Setting stretch targets can be an excellent way to maximize sales and improve profitability. But it can also backfire. Companies that punish employees who don’t meet stretch goals are probably doing the wrong thing.
An article titled In search of a better stretch target by Hugues Lavandier, senior partner at management consulting firm McKinsey & Company, points out situations where these targets can be counter-productive. If a goal is set by simply adding a flat percentage to the original target, it can serve to demotivate people. Other red flags include a lack of clarity on how the target will be achieved and a willingness to compromise on quality to meet goals.
7. Understand customers’ needs
The success of a business depends to a large extent on its ability to remain customer-focused. If a firm merely pays lip service to the term, it will alienate itself from its clients.
Which are the ways to improve customer focus? Make a start by establishing a system to keep in touch with clients. Ask questions and listen to the answers they provide. Based on the information that is collected, it may be necessary to make improvements or change the way products and services are sold.
Is there anything else that companies need to do in this sphere? In his book titled Customer Centricity, Wharton marketing professor Peter Fader, points out that being customer friendly is not enough. Companies need to be customer centric as well.
What’s the difference? Firms shouldn’t treat all customers in the same manner. Instead, they should find out which customers provide the most value and provide them with special treatment. Differentiating between clients in this manner can provide firms with more business and higher profits.
8. Launch new products
Some companies can survive and even prosper on the back of a single product. Most aren’t so lucky. It’s necessary for almost every business to develop new product variants and widen the range of products that it offers its customers.
Of course, it’s necessary to ensure that the new product succeeds in the market. That isn’t easy. An article titled Why Great New Products Fail, by Duncan Simester, head of the marketing group at the MIT Sloan School of Management in Cambridge, Massachusetts, points out a depressing fact. It says that a study of 9,000 new launches revealed that only 40% of the products were still being sold three years later.
How can a company increase the chances of its product being a success? Simester has a few pointers:
- Do customers consider the need that the new product will address to be important?
- Is the product different from others in the market?
- How will customers find the product? Are they motivated enough to search for it?
- How will the customer arrive at a decision to buy? Can the company influence this decision?
9. Maintain a cash buffer and monitor costs closely
Cash is king for small businesses. A company could have a month when sales are poor or one in which the profit targets are not met. It’s possible to recover from these. But if a business runs out of cash, its survival could be at stake.

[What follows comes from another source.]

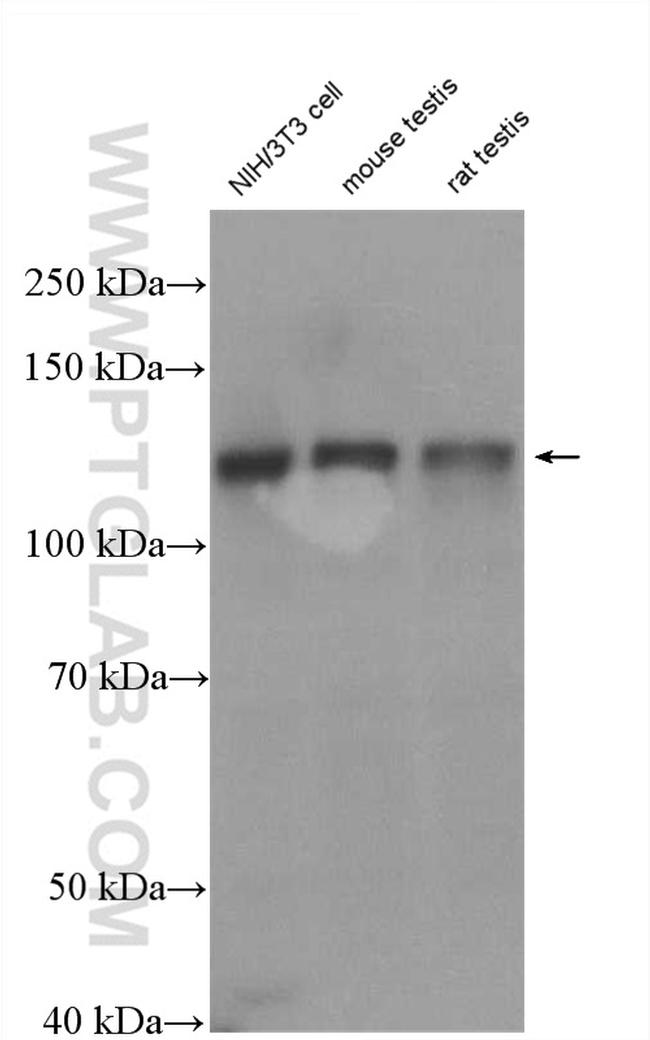 SMC6 Antibody in Western Blot (WB)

How can a firm ensure that there’s always enough money to allow operations to continue? Every experienced small business owner maintains an emergency cash buffer. This can come in handy when there’s a slowdown in demand. Remember that even if the volume of business declines, it’s still necessary to pay fixed costs. Rent, insurance, payments for utilities, and employee costs will continue even if revenues fall to zero.
Maintaining a cash buffer that can pay for three months’ expenses is advisable. Six is better.
The other critical area that should be monitored is the level of expenses. Review costs every week and carry out a more detailed analysis once a month. Consider adopting zero-based budgeting. This system requires that a firm justify each expense from a “zero base.” This exercise could help firms identify new ways to cut costs.
The bottom line
The key to increasing sales lies in focusing on marketing and never losing sight of the customer’s requirements. Entrepreneurs who can do this while keeping a close watch on the bottom line will increase their chances of taking their companies to the next level.